§ THE TASK: Your copy should hold only the lines from the one containing "Community rises to" through the final line of the entries, exactly as written, with no pictures.

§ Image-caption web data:
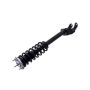 FCS Struts 1355181 Suspension Strut and Coil Spring Assembly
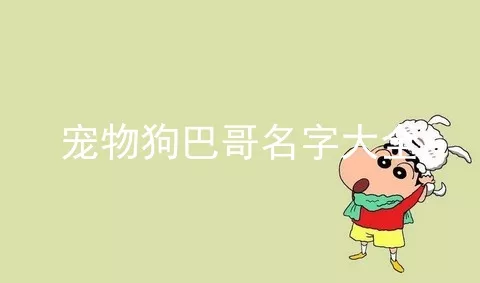 宠物狗巴哥名字大全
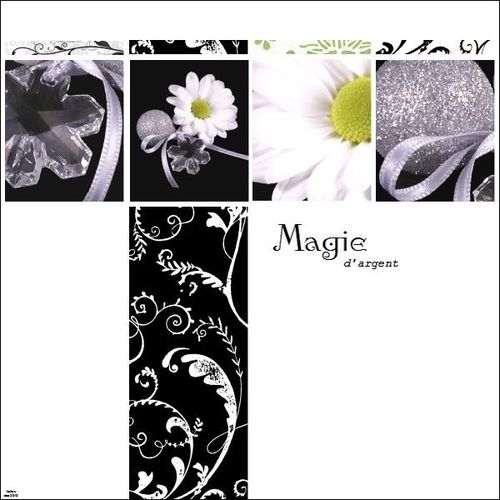 magie d'argent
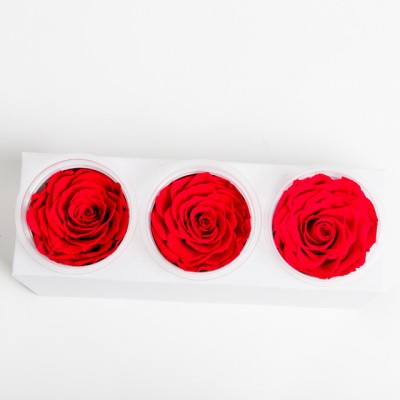 preserved rose head  in red color 7-8cm yunnan grade AA preserved real flower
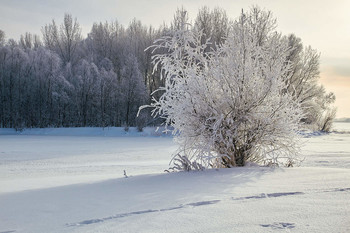 Зима / зима,снег,иней,деревья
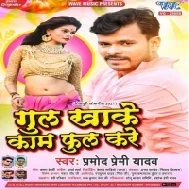 Gul Khake Kaam Full Kare (Pramod Premi Yadav , Shilpi Raj) Dj Remix Songs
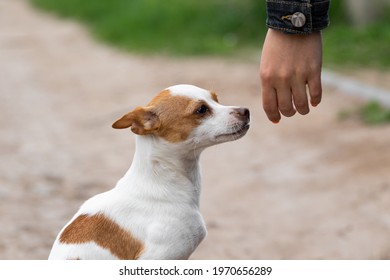 A Small Decorative Dog Breed Toy Fox Terrier And A Human Female Hand Shot Close Up On The Street In The Summer. Human-pet Interaction. Animal Protection And Rescue. High Quality Photo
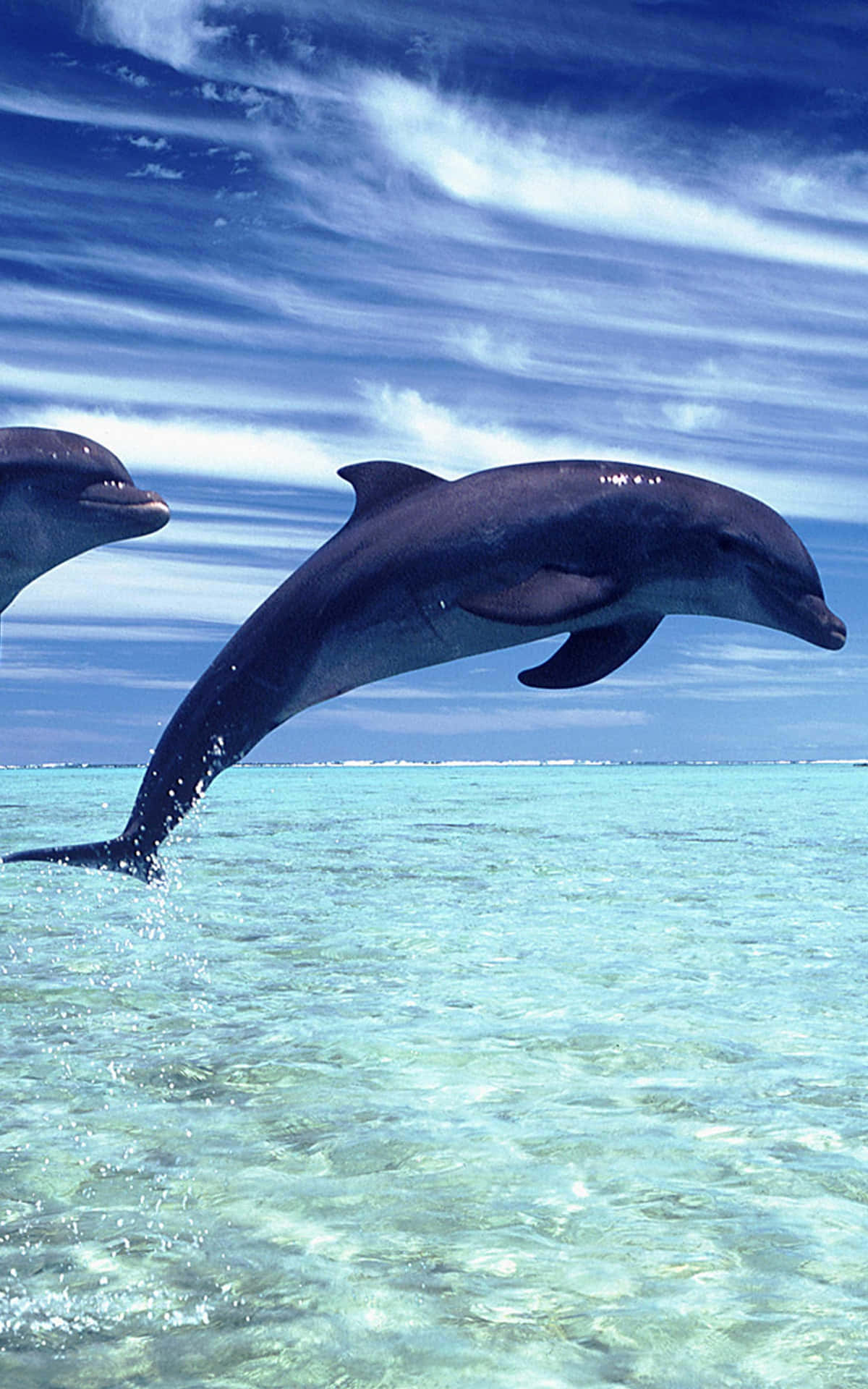 A Beautiful Cool Dolphin Bringing Joy And Calmness To Our Day Background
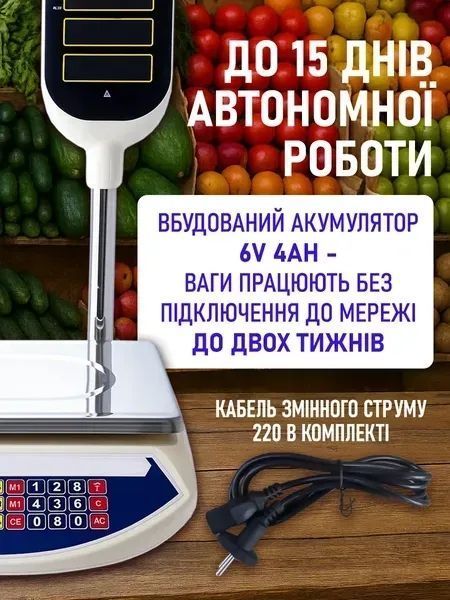 Торгові електронні ваги зі стійкою 50 см, подвійним дисплеєм, функцією тарування та акумулятором до 15 днів v_0100131 фото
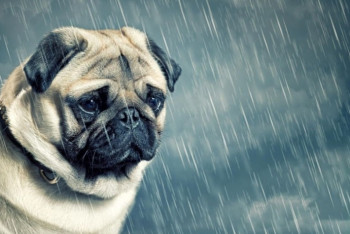 Фотография к новости: О погоде в Казахстане на 12 мая рассказали синоптики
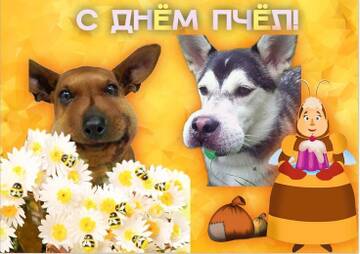 https://upforme.ru/uploads/0019/3c/8c/3163/t204655.jpg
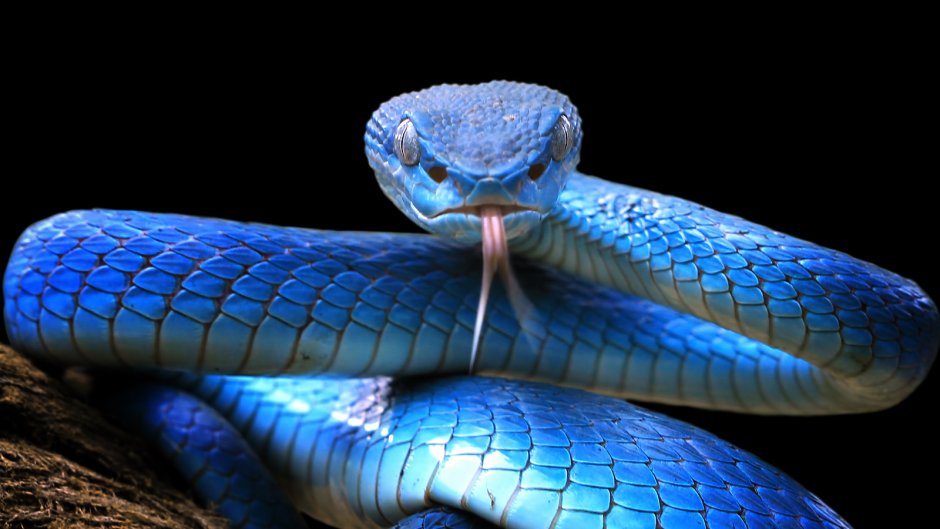 Blue Viper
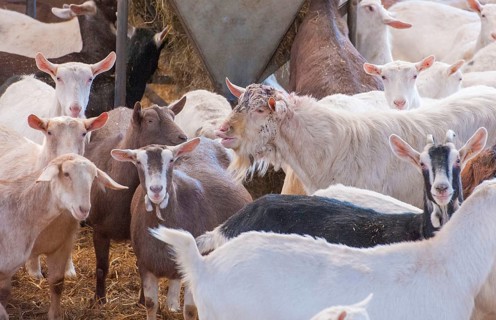 Domestic goat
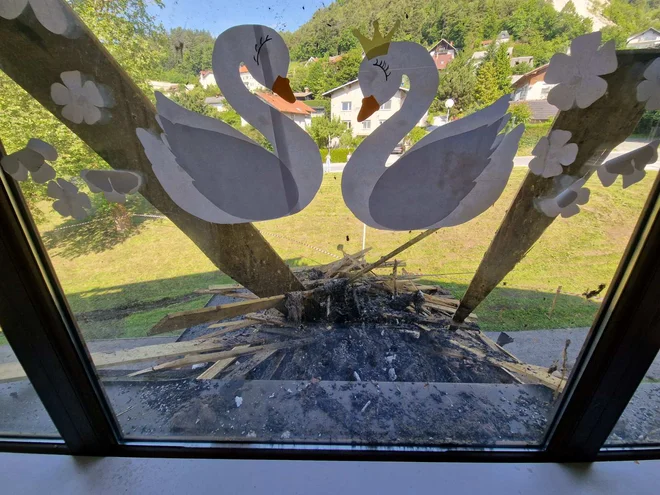 OŠ Bistrica pri Tržiču FOTO: Arhiv občine Tržič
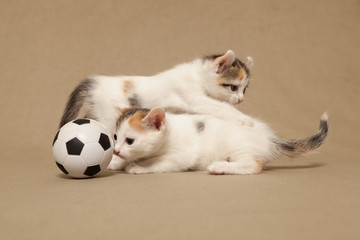 Fototapeta premium Two small spotted kitten plays with a football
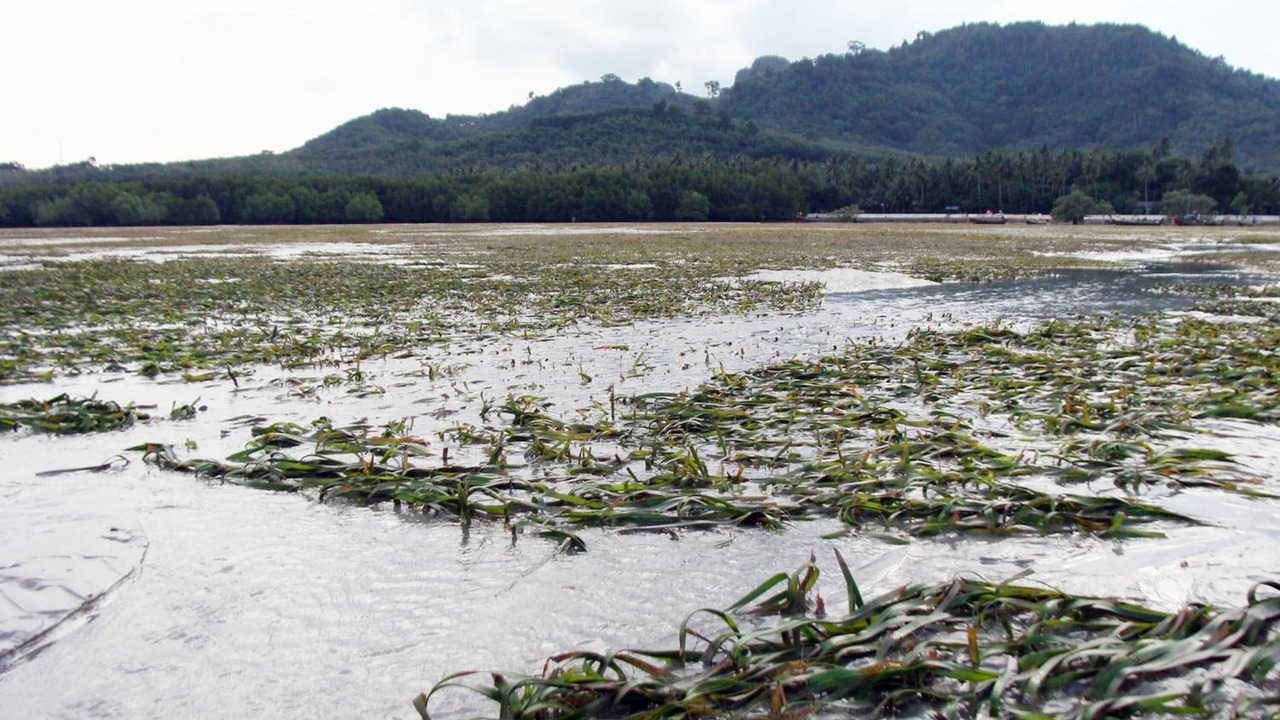 Photo of Outdoor in Ko Mook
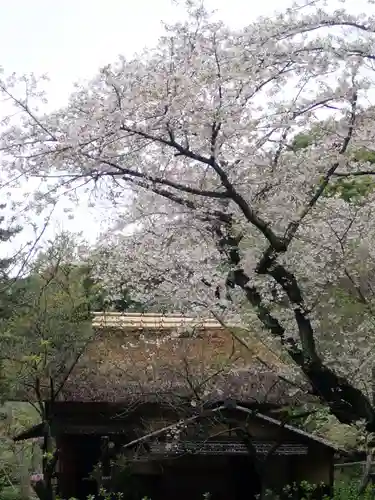 根岸八幡神社(神奈川県)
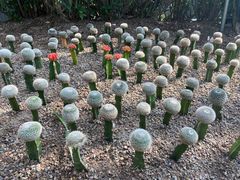 -南山植物园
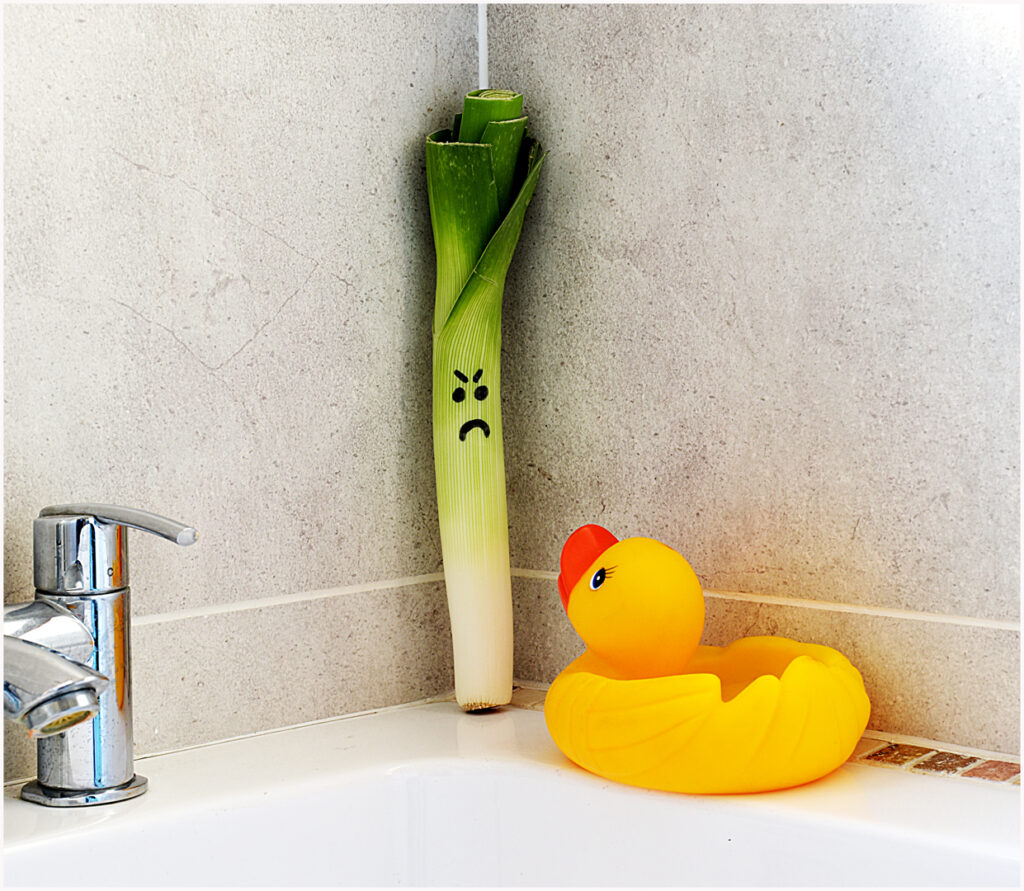 D2- 1st - 20 Points - There`s a serious leek in the bathroom - Joan Scott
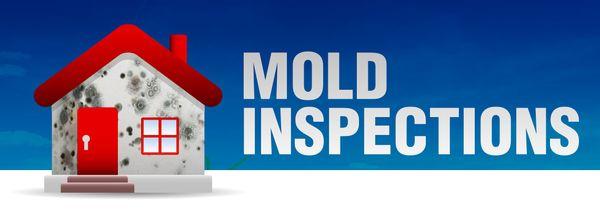 mold inspections 300.00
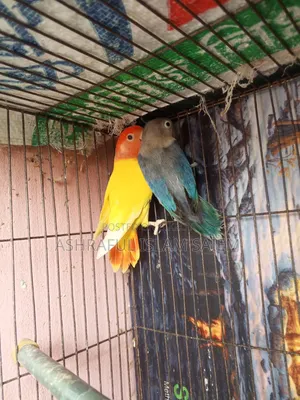 A pair of Lovebirds for sale.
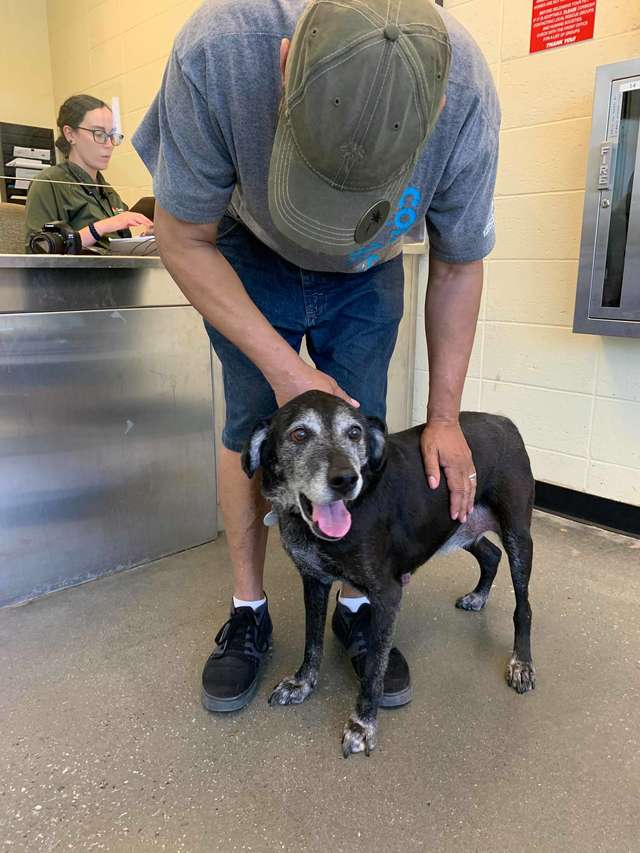 Community rises to help the homeless man and his dog reunite after seeing their heartbreaking goodbye
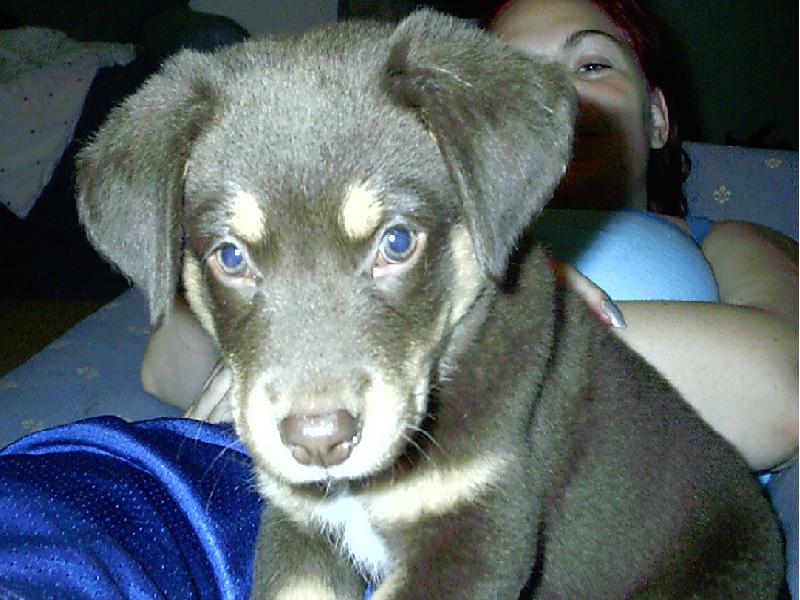 young rumble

§ WRITTEN RESPONSE:
 Community rises to help the homeless man and his dog reunite after seeing their heartbreaking goodbye
 young rumble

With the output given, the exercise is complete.